BEGIN EXERCISE INPUTS

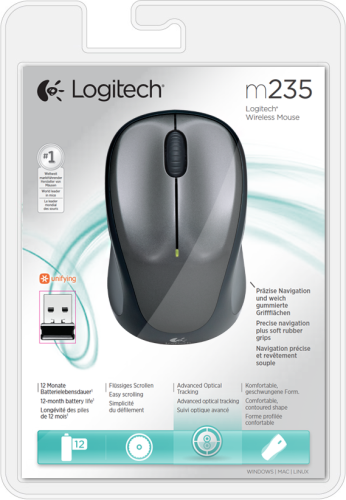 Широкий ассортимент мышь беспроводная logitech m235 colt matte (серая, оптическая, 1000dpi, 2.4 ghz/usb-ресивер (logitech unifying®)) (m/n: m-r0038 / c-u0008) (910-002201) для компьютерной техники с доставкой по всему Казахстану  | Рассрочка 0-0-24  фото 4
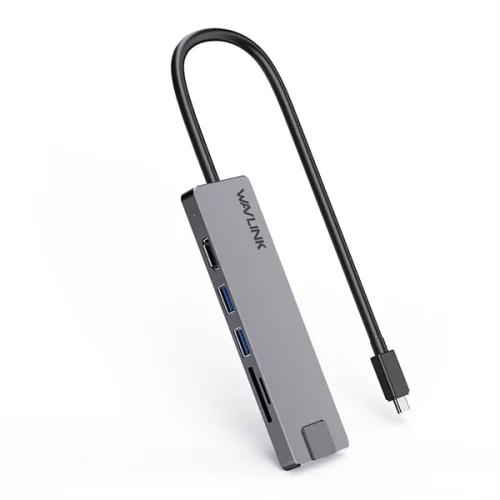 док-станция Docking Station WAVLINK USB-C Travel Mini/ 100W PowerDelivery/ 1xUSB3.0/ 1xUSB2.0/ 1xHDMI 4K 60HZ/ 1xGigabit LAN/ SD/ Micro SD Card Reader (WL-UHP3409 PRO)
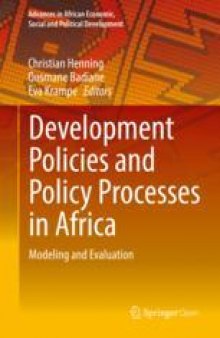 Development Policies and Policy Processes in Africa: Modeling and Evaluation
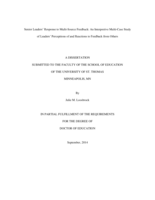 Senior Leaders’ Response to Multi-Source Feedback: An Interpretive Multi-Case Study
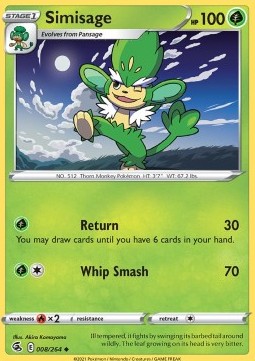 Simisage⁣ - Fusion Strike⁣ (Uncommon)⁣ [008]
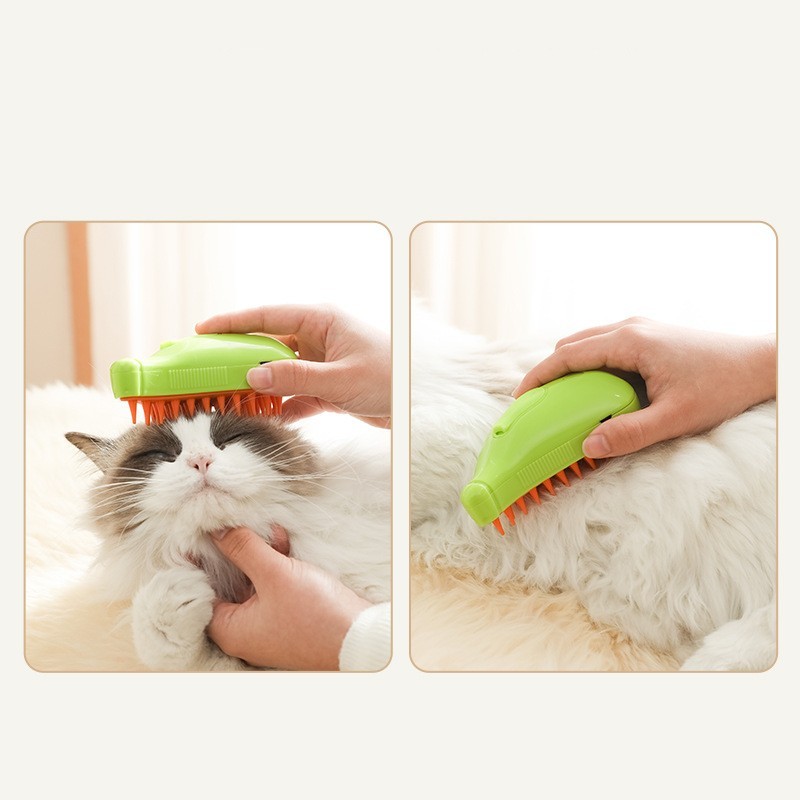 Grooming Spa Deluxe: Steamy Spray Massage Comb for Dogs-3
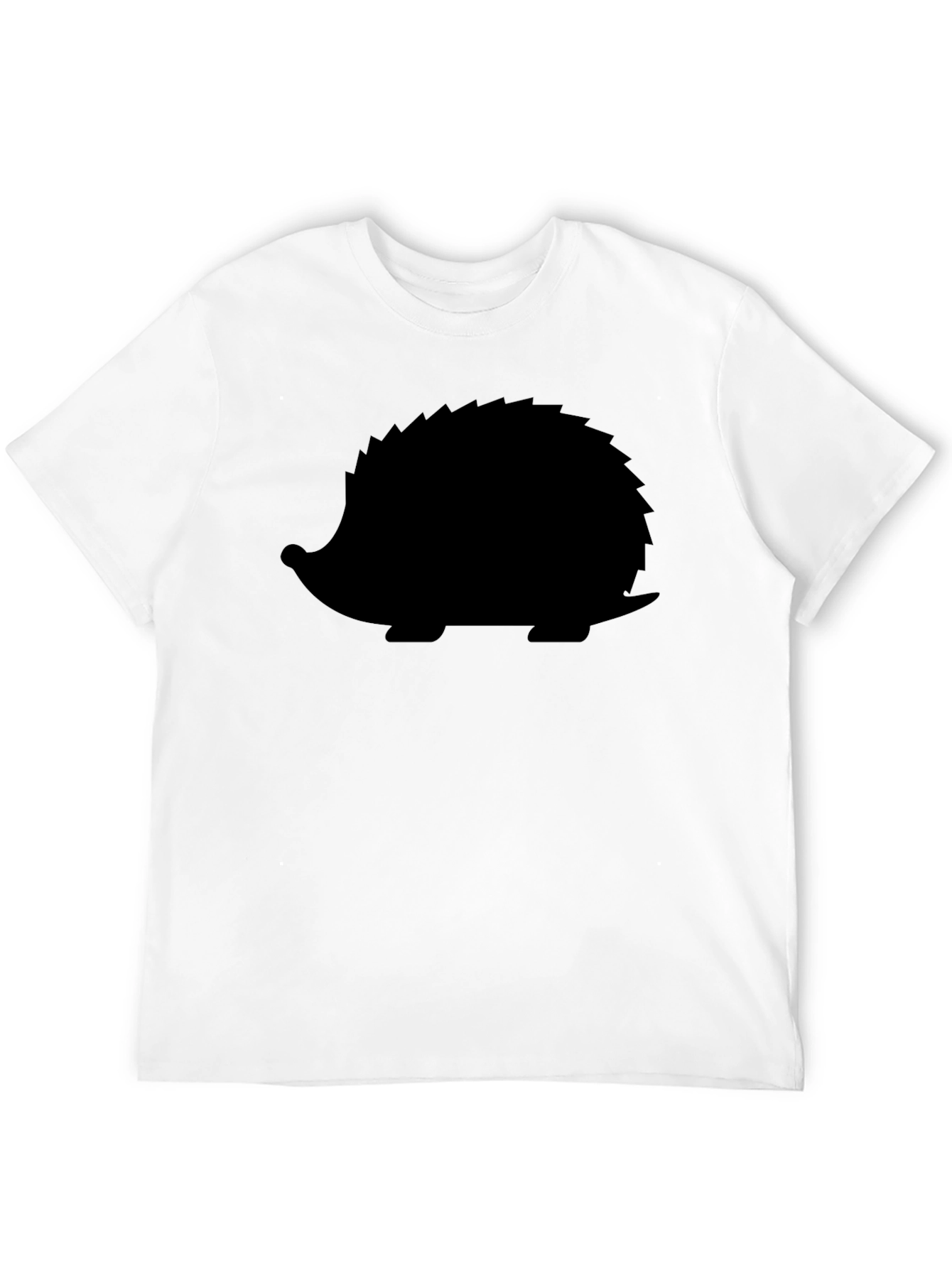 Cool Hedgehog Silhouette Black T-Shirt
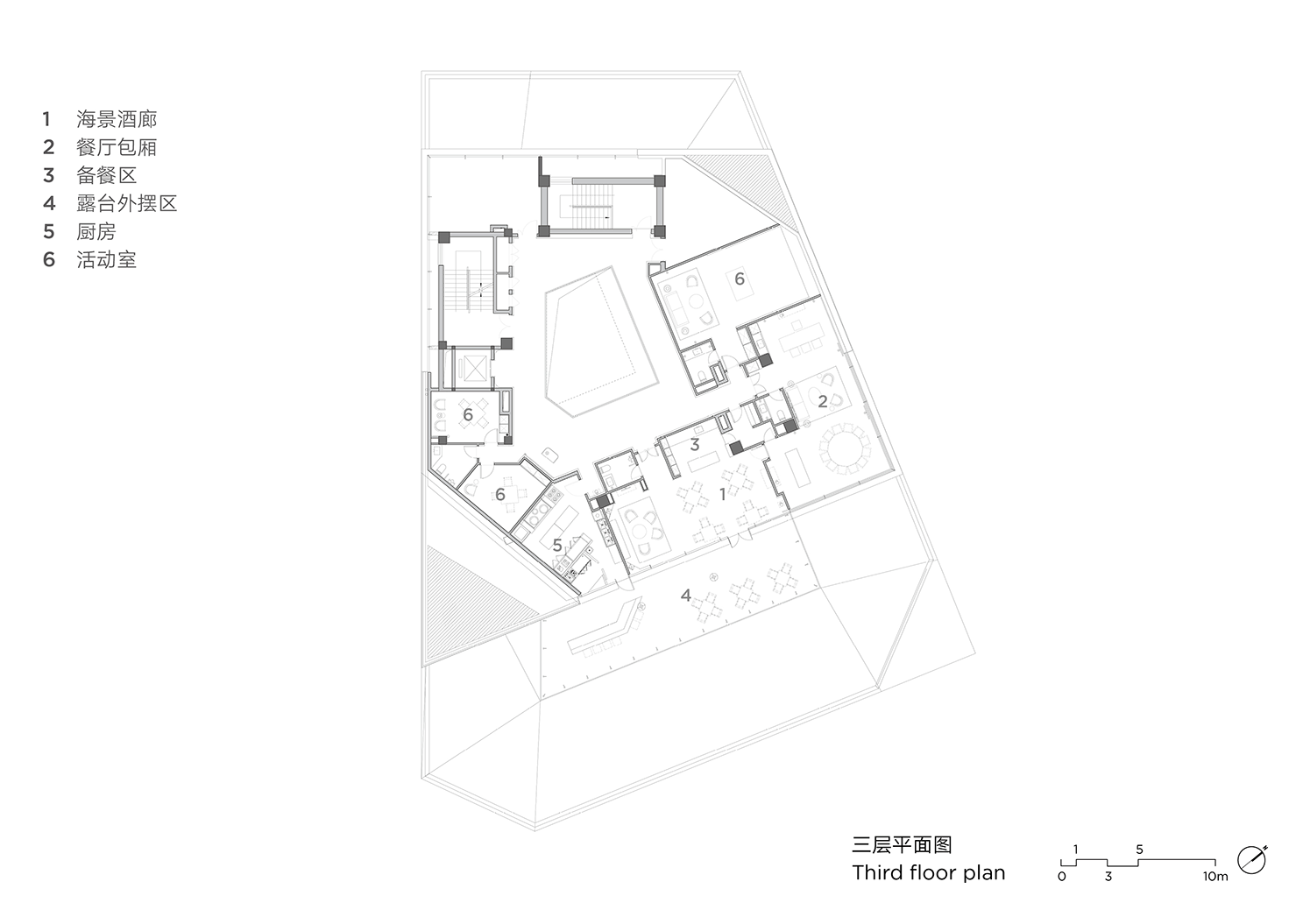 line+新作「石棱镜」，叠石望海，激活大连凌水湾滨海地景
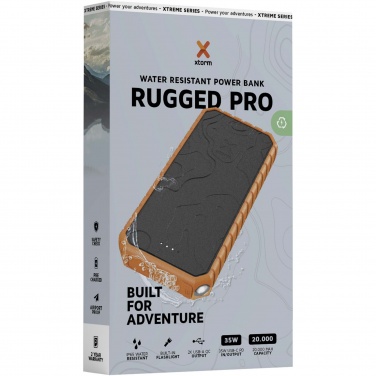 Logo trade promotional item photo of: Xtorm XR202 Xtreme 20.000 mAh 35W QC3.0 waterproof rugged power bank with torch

END EXERCISE INPUTS

THE TASK: Write down exactly the lines running from the line with "Simisage⁣ - Fusion Strike⁣ (Uncommon)⁣ [008]" through the end of the material, both ends included, and none of the pictures.

EXERCISE RESULT:
 Simisage⁣ - Fusion Strike⁣ (Uncommon)⁣ [008]
 Grooming Spa Deluxe: Steamy Spray Massage Comb for Dogs-3
 Cool Hedgehog Silhouette Black T-Shirt
 line+新作「石棱镜」，叠石望海，激活大连凌水湾滨海地景
 Logo trade promotional item photo of: Xtorm XR202 Xtreme 20.000 mAh 35W QC3.0 waterproof rugged power bank with torch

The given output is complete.